We need to present our xml property bags in either a tree view or a grid view.

As I said earlier, a property bag item contains either a primitive value (which may be presented as a string) or a set of child items.

In a WPF tree view that can be presented like this (code simplified for clarity):

    <!-- import view model namespace -->
    xmlns:vm="clr-namespace:iSoapExplorer2015.viewmodel"


<TreeView x:Name="treeView1" ItemsSource="{Binding Containers}">

    <TreeView.ItemTemplate>
        <!-- hierarchial data template for containers items -->
        <HierarchicalDataTemplate
                    DataType="{x:Type vm:PropertyBagItemVM}"
                    ItemsSource="{Binding Containers}" > <!-- Containers = property bags -->
            <StackPanel Orientation="Horizontal">
                <!—note: 'Node' is the property bag item -->
                <TextBlock Text="{Binding Node.Name}"/>    
            </StackPanel>
        </HierarchicalDataTemplate>

    </TreeView.ItemTemplate>

 

That results is a view that looks like the one at the beginning of this post (with an image added to the tree view item template)
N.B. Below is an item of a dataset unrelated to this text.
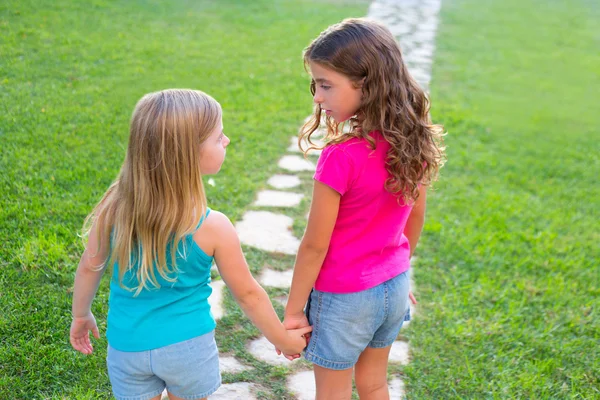 Vrienden zus meisjes samen in gras tuin spoor — Stockfoto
A data grid view may look like this (again: code simplified for clarity):

 

<DataGrid ItemsSource="{Binding }">
    <DataGrid.Columns>
        <DataGridTextColumn Header="Property" Binding="{Binding Node.Name}" />
        <DataGridTemplateColumn Header="Value" Binding="{Node.ValueAsString}" />
    </DataGrid.Columns>
</DataGrid>

For a xaml Stack Panel snippet element, our view may look like this (an image column added to the above simplified code):

 

With some more work, you may implement more useful features and visual effects.

The current version offers: Xml nodes Tree and Grid views, Search nodes (by name and / or value), get the selected node XML, Export the entire tree to an xml file… etc.

 

 

I stopped short from editing the nodes (names / values)… but you may add such feature (before I do… probably in a near futureJ)

 

Here is the current version's binaries.

Have fun adding new features to the source code if you would like to.